Außer den geistlichen Herren war auch ein Laie da, der sich im Auto neben mich gesetzt hatte. Ich muß ihn eigens vorstellen.

Es war mein alter Freund Gunnar Einarsson.

Die Leser der Nonnibücher werden ihn, wenigstens dem Namen nach, kennen. Sie werden sich noch erinnern, daß ein kleiner isländischer Junge im Jahre 1870 mit mir nach Avignon in Südfrankreich reisen sollte. Er verließ Island einige Wochen vor mir. Ich traf ihn dann in Kopenhagen und wohnte zusammen mit ihm mehrere Monate lang im Grüderschen Hause, Bredgade 64. Vor dem Ende des deutsch-französischen Krieges 1870/71 verließ er aber Kopenhagen und kehrte nach Island zurück. Und nun, sechzig Jahre später, traf ich ihn hier wieder, und zwar als einen kräftigen, kerngesunden, frohgestimmten Greis von beinahe achtzig Jahren.
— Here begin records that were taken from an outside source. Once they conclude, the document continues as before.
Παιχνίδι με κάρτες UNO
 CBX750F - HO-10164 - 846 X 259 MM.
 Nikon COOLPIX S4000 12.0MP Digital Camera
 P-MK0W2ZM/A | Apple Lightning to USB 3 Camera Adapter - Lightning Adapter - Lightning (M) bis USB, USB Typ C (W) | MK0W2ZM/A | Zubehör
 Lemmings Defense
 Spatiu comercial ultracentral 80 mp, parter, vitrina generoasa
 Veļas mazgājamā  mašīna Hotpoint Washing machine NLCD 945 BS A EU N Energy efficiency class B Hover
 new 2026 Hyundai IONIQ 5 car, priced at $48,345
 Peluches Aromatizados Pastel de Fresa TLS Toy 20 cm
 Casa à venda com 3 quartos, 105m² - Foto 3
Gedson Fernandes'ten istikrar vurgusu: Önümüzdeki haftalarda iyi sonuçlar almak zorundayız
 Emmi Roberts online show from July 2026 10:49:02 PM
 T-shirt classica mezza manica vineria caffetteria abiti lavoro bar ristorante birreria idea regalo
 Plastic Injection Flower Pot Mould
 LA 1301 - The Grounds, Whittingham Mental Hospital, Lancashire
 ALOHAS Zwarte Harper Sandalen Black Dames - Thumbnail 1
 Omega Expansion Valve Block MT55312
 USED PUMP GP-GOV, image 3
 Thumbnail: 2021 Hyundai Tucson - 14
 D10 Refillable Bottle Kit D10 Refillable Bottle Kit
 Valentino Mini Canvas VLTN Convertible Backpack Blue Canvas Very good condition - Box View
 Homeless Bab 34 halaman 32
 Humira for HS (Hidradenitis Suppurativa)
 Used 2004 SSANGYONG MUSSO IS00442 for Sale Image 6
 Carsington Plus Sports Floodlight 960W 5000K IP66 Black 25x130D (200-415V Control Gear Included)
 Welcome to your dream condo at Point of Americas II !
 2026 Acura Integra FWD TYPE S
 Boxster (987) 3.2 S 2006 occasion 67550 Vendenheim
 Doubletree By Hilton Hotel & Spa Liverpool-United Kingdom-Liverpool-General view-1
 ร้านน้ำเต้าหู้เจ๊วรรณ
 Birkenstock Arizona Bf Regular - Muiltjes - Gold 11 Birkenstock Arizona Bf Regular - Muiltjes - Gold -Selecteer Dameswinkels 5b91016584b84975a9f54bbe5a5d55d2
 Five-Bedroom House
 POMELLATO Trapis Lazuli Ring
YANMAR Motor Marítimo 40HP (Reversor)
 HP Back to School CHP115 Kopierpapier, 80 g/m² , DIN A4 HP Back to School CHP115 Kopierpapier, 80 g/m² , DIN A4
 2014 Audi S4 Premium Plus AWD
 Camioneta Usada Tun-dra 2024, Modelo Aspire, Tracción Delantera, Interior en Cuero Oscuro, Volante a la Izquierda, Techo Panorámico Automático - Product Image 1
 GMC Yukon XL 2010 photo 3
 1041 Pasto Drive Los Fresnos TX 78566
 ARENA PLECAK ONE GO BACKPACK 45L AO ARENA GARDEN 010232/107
Man kann sich denken, mit welcher Freude wir uns gegenseitig begrüßten.

Mehrere seiner Kinder und Kindeskinder wohnten in Reykjavik. Einer seiner Söhne, Johannes Gunnarsson, war Geistlicher geworden und wohnte bei dem Bischof. Die andern hatten verschiedene Ämter und Stellungen inne und waren alle hochgeachtete Leute.